* **Directions for this task**:
Starting with the line below that holds "2025 Sure-Trac 20'" and stopping after the line that holds "Marni Logo Patch Padded Top Handle Bag", transcribe the lines exactly, leaving out all pictures.

* **Data extract**:
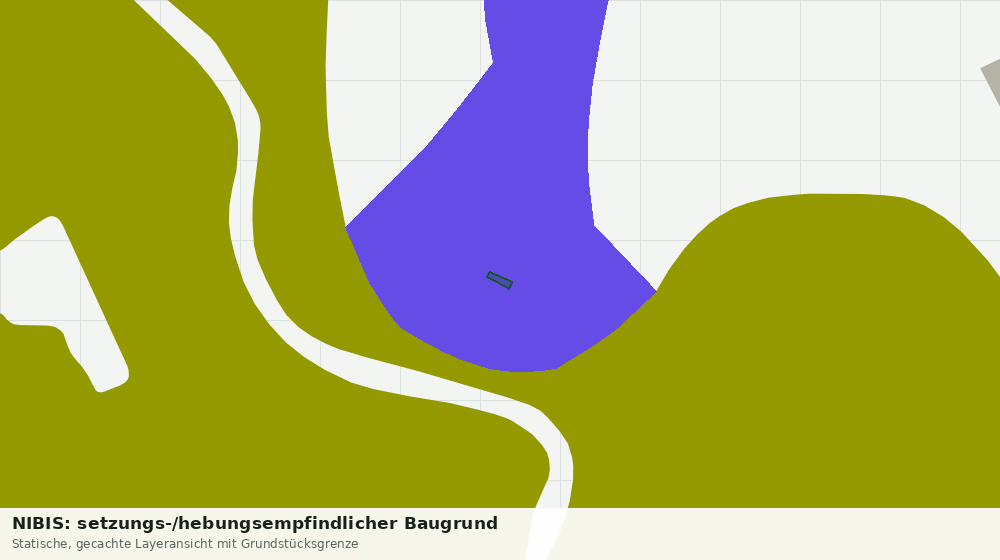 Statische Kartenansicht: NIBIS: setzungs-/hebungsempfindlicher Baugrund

--

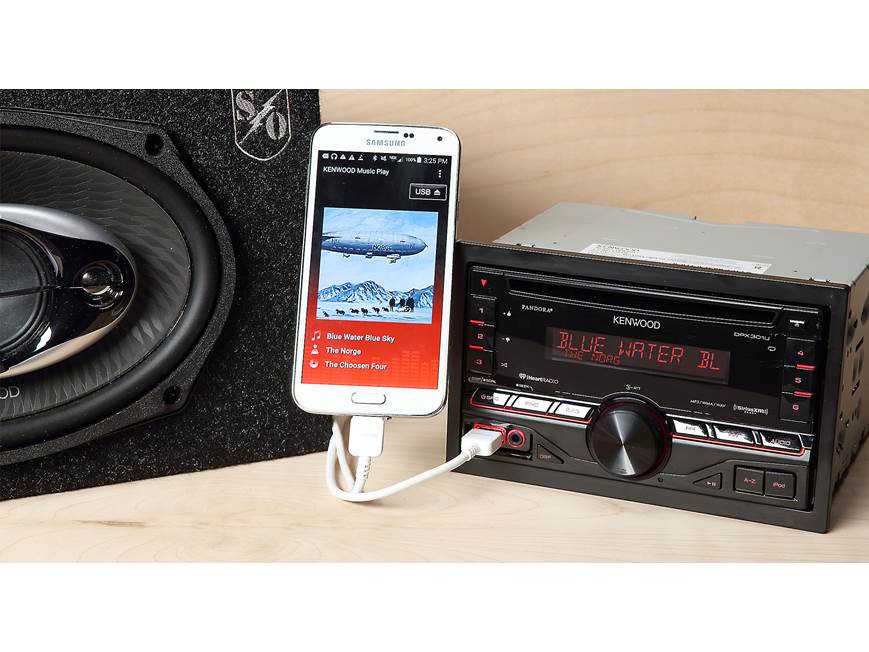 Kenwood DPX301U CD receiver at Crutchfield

--

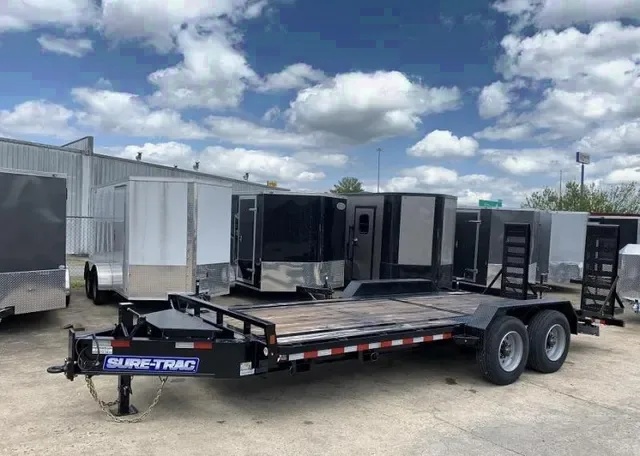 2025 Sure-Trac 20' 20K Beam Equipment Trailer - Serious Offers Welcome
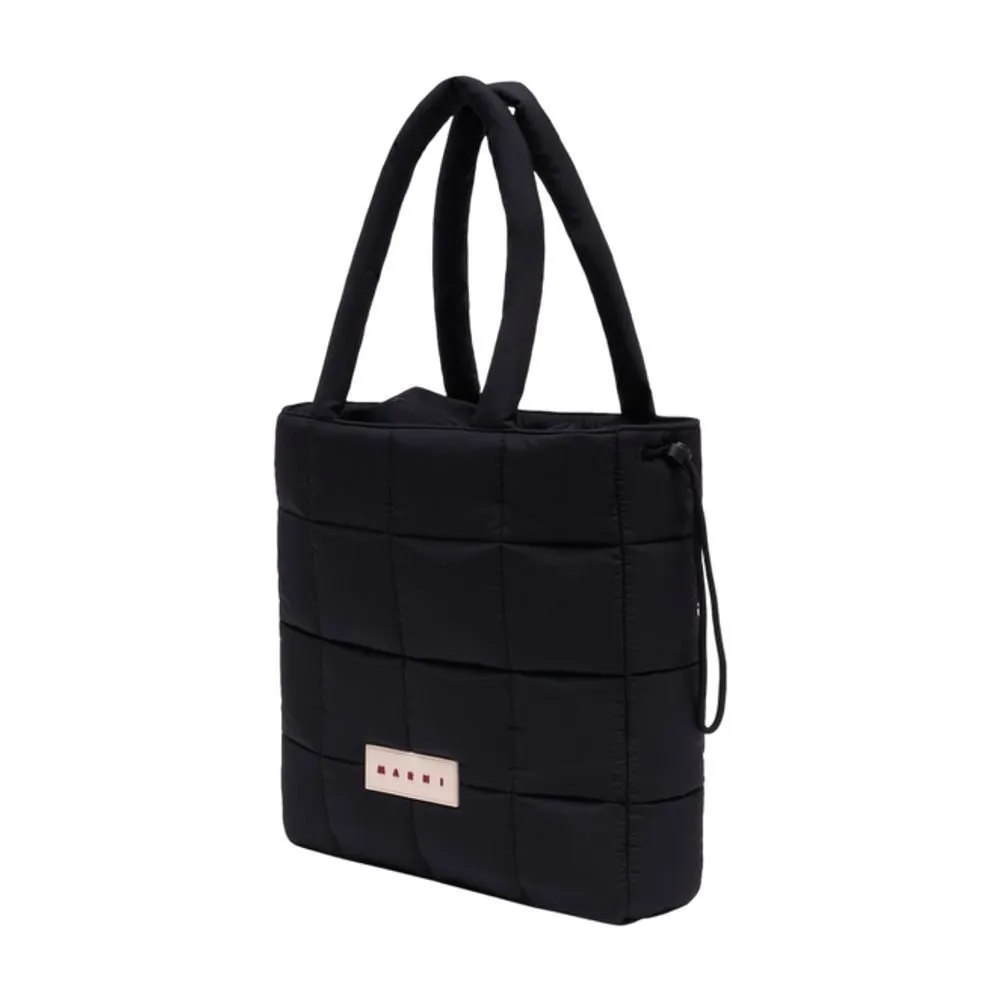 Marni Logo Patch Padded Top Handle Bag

* **Written solution**:
 2025 Sure-Trac 20' 20K Beam Equipment Trailer - Serious Offers Welcome
 Marni Logo Patch Padded Top Handle Bag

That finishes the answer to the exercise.